A draft paper by Raymond Fisman (Columbia Business), Shachar Kariv (Berkeley Economics) and Daniel Markovits (Yale Law) has gotten surprisingly little attention given its potentially radical implications. Maybe it’s the title: Exposure to Ideology and Distributional Preferences. I would have gone with something different. Perhaps “Law and Economics Eats Law Students’ Hearts.”
The authors looked at first-year students at Yale Law School taking contracts and torts. They labeled the students’ professors by their purported tendency to emphasize economic and “humanist” rhetoric in class.* They then used the natural experiment of law school sorting to determine the effect that exposure to economic ideology had on law students’ distributional preferences in the dictator game. That is, did students taught by economically-minded professors behave differently than those taught by professors disposed toward humanism or critical-legal studies?
The bottom line: students taught by economically-minded professors were both more selfish and more likely to see fairness as a form of kaldor-hicks efficiency. By contrast, students taught by humanists were more generous and also likely to see fairness as a matter of equity.
These are important results for those interested in legal education.
- First, and most obviously, it suggests that our preferences for altruism and the content of fairness are highly manipulable — one semester of teaching by a professor – at Yale, no less – can affect them. I admit to being a bit surprised by the size of the effect, given the mixed results from earlier work on the relationship between economics and altruism. It’s also surprising that Yalies are so impressionable! I wonder whether the effect persists past a semester, and whether better coding of actual classroom discussion would have changed the results.
- Second, it suggests yet more reasons for researchers to think hard about the effect that law school teaching has on the content of legal doctrine. As I’ve argued, it’s quite likely that some law school professors who never published a lick have had more effect on substantive legal doctrine than those who’ve written reams, simply by influencing how their students (who went on to be lawyers and judges) thought about the content of rules and the byways of arguments. We should do more work like this!
- Third, and most personally, this makes me nervous.
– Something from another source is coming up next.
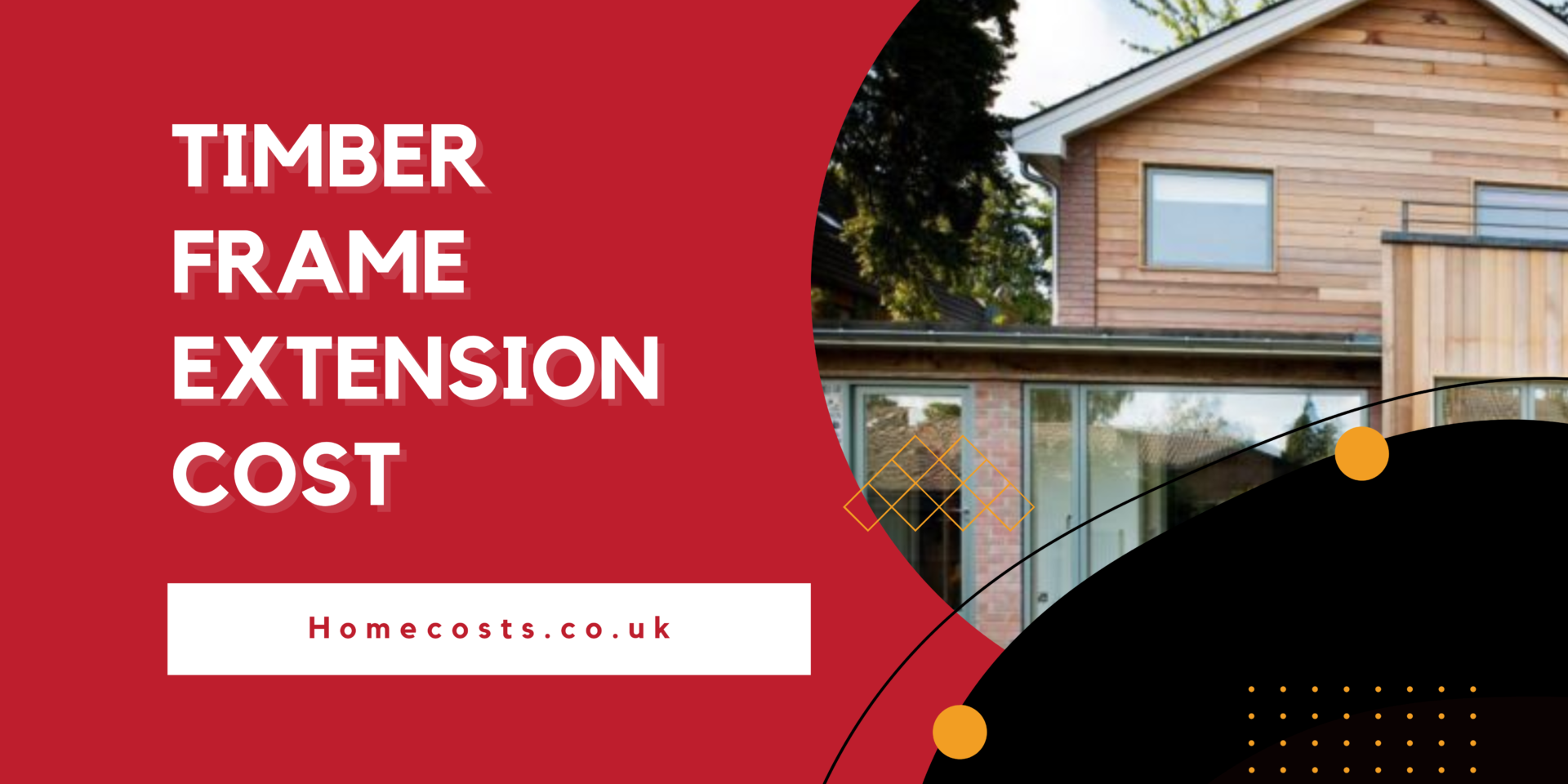 Timber Frame Extension Cost & Prices 2024 homecosts.co.uk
I’m a highly socratic teacher who places lots (and lots) of emphasis in the first-year on efficiency-arguments and on the need to look beyond questions about distributional equality in the present case. I thought that by doing so I was helping students to think critically about the dynamic nature of contract law – the relationship between contract rules and market price; the usefulness of an intelligent system of defaults; the importance of getting beyond gut intuitions. But maybe I’m also indoctrinating the students to grab more of the pie for themselves. Nuts.
*The method they used to code economic preferences was, to be frank, a little mystifying. They gave points for PhD’s in economics, but had to make exceptions for Alan Schwartz, PhDless but L&E to the bone, Guido, for obvious reasons, and both Robert Gordon and Carol Rose, who are similarly off-set. Why not simply ask the professors themselves how much they emphasized economic rhetoric in class? Or the students?